From Kuthua to Samba to Kupwara, Militants attacked a police station and an army camp besides attempted a major infiltration in Keran sector of Kashmir.

Everybody from Srinagar to New Delhi linked the attacks with the high level meeting which is referred as an icebreaking effort between the two nuclear power holding neighbours of South Asia.

After every such attack a number of questions arise and are discussed on different levels. Senior Journalsit, Shujaat Bukhari too raises some issues about the Hiranagar and Samba incidents.

“Twin attacks in Jammu raise more than one question.

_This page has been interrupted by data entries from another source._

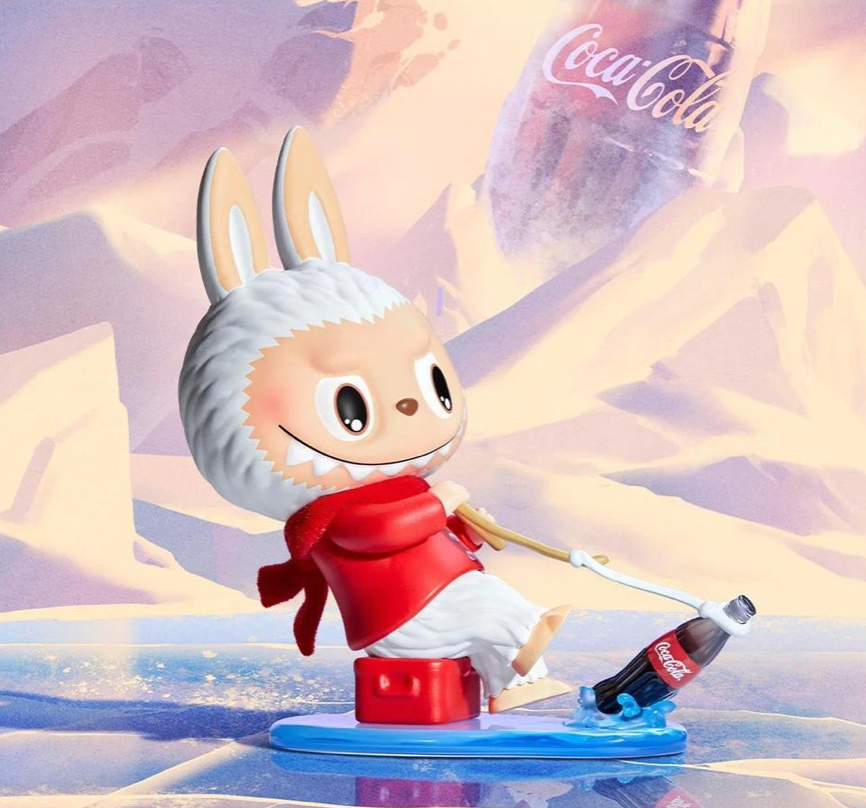 LABUBU THE MONSTERS-COCA COLA toy doll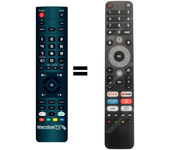 Mandos.tv PTV24GH-5024C para PEAQ mando a distancia programado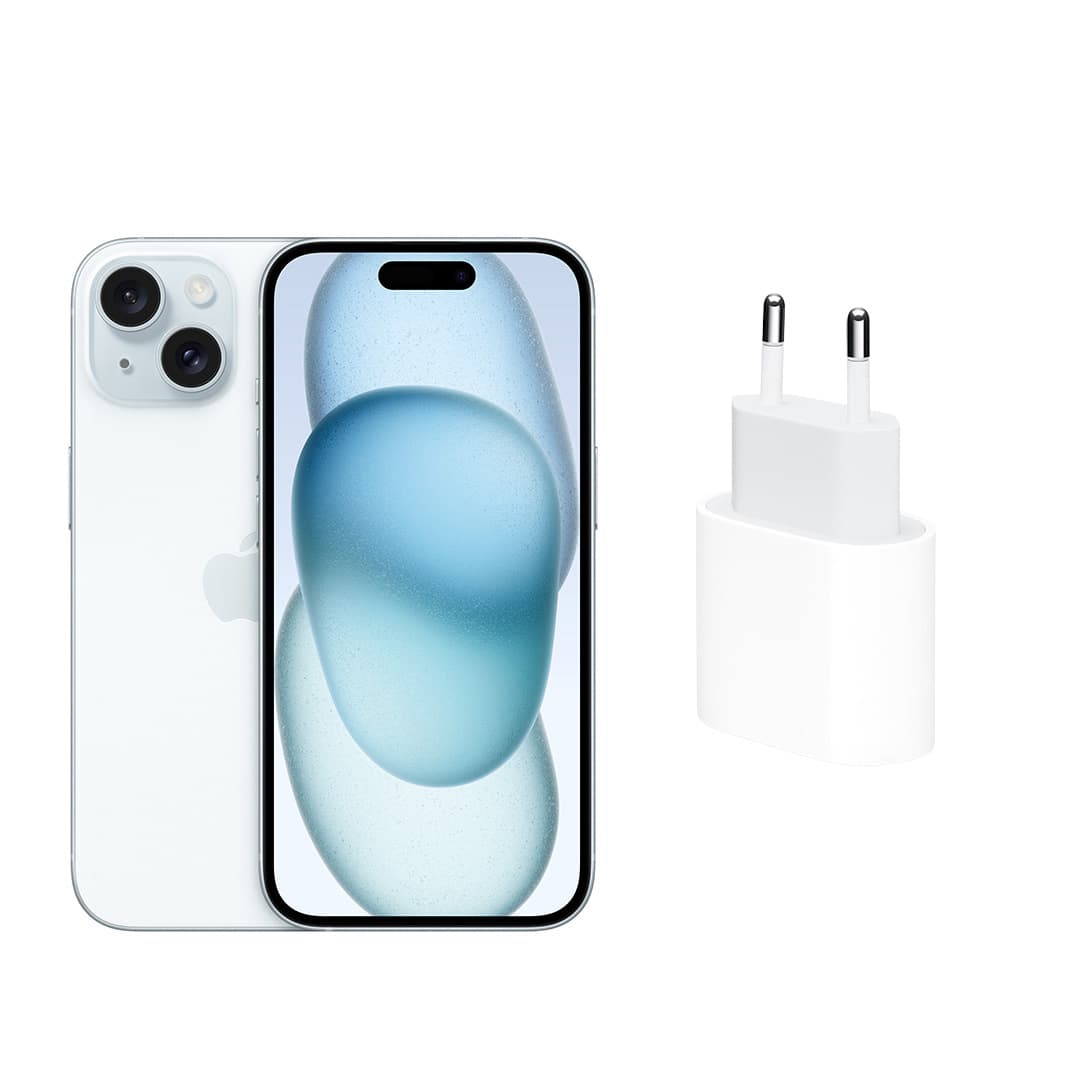 Apple iPhone 15 , 128 GB , 6 GB , 5G , Single SIM - Blue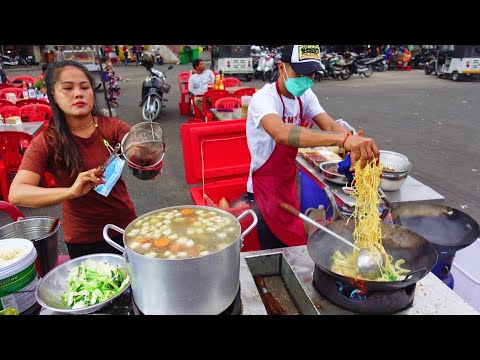 Full of Orders! Non-Stop Cooking! Famous Fried Rice, Mie Cha, Mie Katang in Orussey Market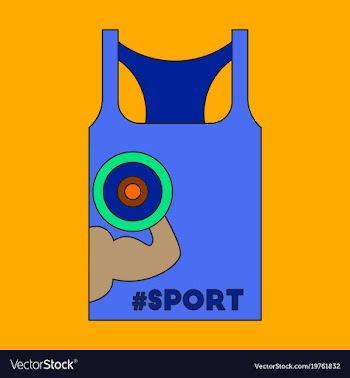 Flat icon on stylish background sports shirt vector image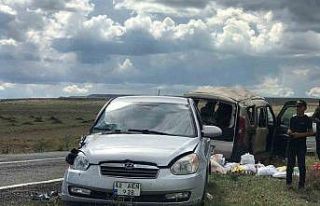 Kars’ta trafik kazası: 3’ü çocuk 12 yaralı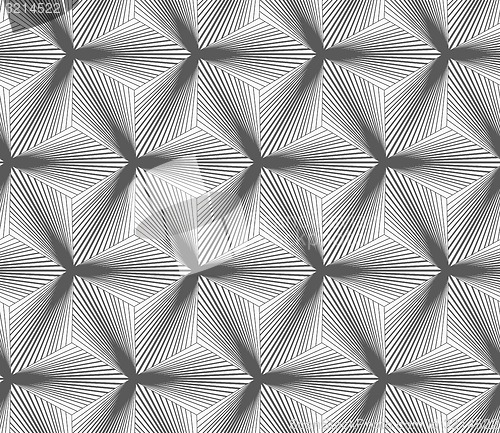 Image of Monochrome gradually striped black three ray stars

How the attackers managed to sneak into Hira Nagar Police Station, kill four policemen, forcibly take away the truck, then travel 20 kilometers to Samba to enter the Brigade headquarters, then straightway go to Officers mess. Where from they came, what was Army doing. Was not there any alert in between when they travelled 20 kilometer distance which would ordinarily take not less than 40 minutes…..,”asks Shujaat Bukhari in a Facebook post.

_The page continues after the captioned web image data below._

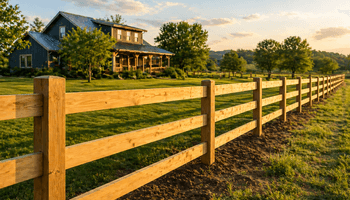 Golden hour at the countryside farm.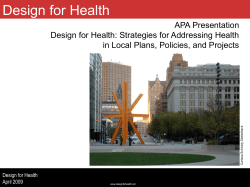 Presentation at 2009 National APA Conference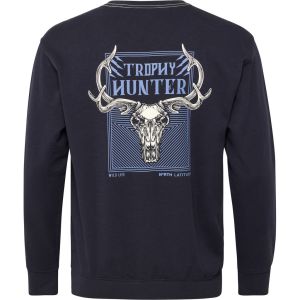 North Latitude Sweater - Backprint Hunter Dark Navy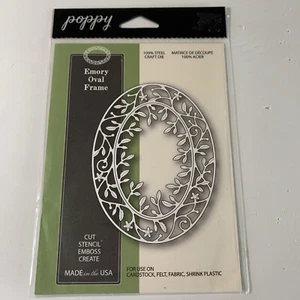 Mohn Stempel Stanzform EMORY OVALER RAHMEN Papercraft Prägen Basteln - Bild 1 von 2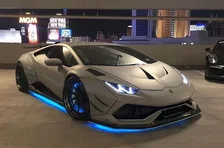LED Illuminated Wheel Rings - Double LED - Blue image 15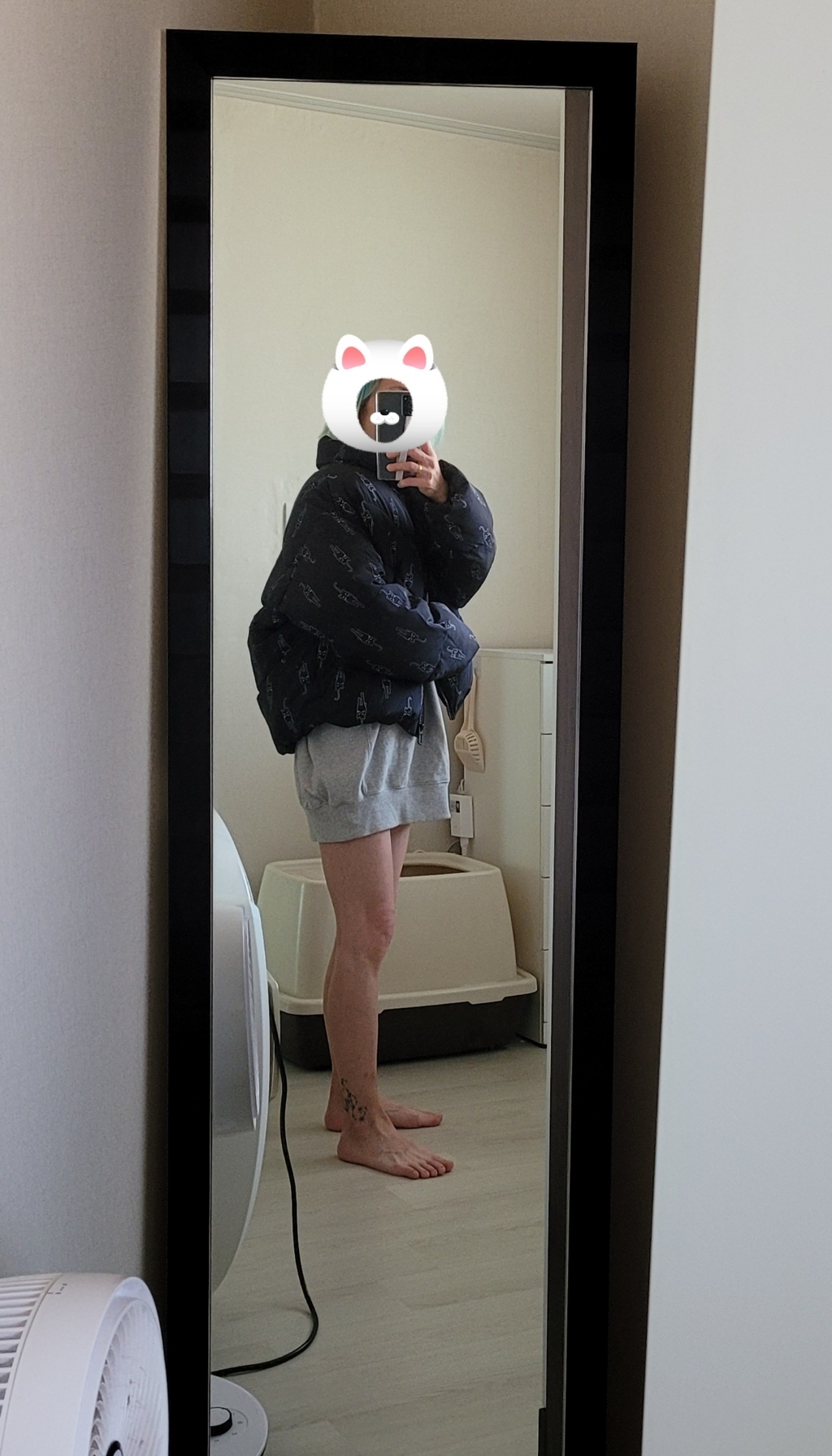 쥬시쥬디 여성용 J뉴고양이 숏구스 다운점퍼 JUD826B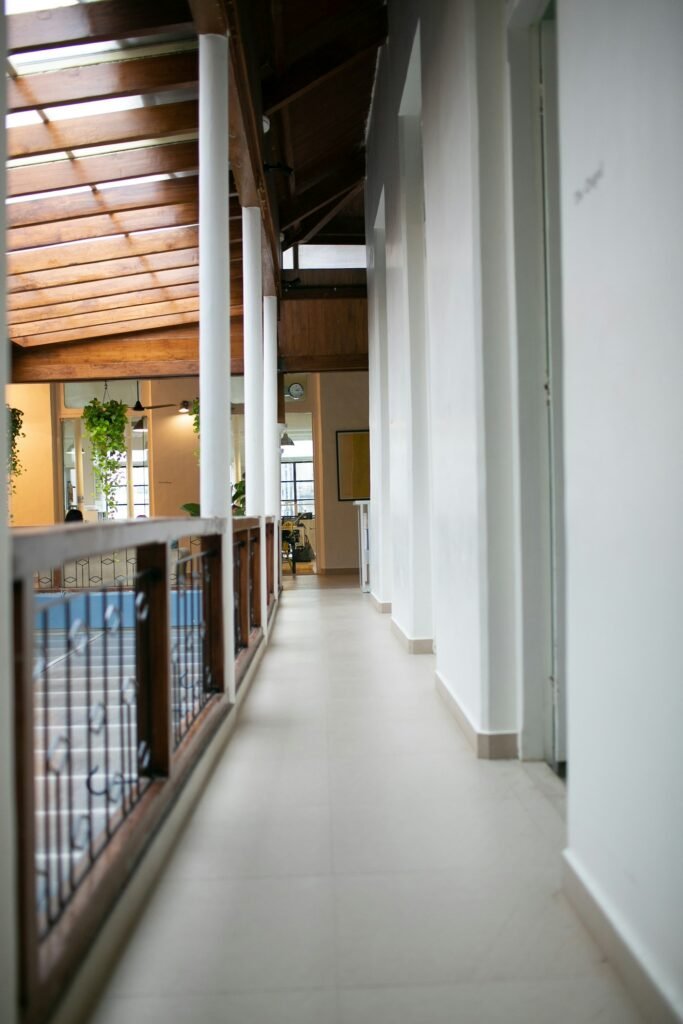 Modern office workspace in India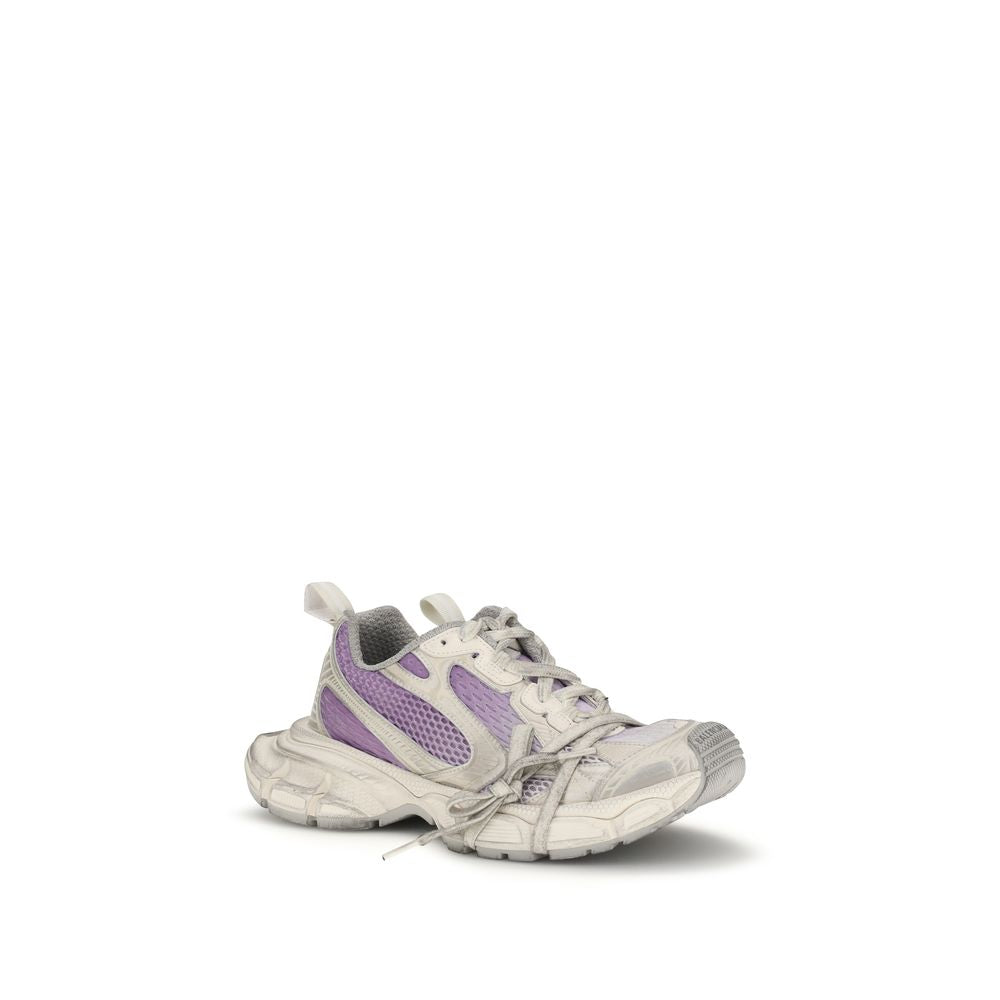 Multicolor Synthetic Athletic Sneakers with Embossed Logo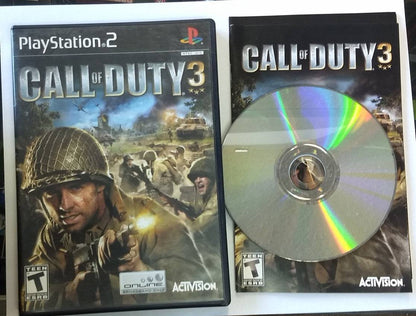 CALL OF DUTY 3 PLAYSTATION 2 PS2 - jeux video game-x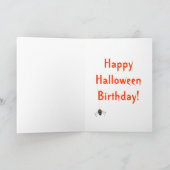 Halloween Happy Boo Day Kaart (Binnen)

It was after more than ten years when militants struck in Jammu division in a vibrant way.

In 2002 a small town in Jammu division, Kaluchak witnessed a same type of attack by three militants.

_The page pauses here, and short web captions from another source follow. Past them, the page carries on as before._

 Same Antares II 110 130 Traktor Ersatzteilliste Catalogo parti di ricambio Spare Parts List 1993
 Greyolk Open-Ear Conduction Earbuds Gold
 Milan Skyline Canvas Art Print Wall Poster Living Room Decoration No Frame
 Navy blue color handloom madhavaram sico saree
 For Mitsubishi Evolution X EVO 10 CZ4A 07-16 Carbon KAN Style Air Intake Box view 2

The militants reportedly had crossed the Line of Control (LoC) and boarded a bus at Vijaypur. When the bus neared Kaluchak, they shot the driver and the conductor. On hearing the shots in the bus the army men fired in their direction. The militants who were dressed in army fatigues, while returning fire, attempted to escape in the direction of the Army’s family quarters, located on the main road. They also threw grenades on some vehicles parked in the vicinity. Upon entering the family quarters they again fired. The militants were eventually cordoned off and killed.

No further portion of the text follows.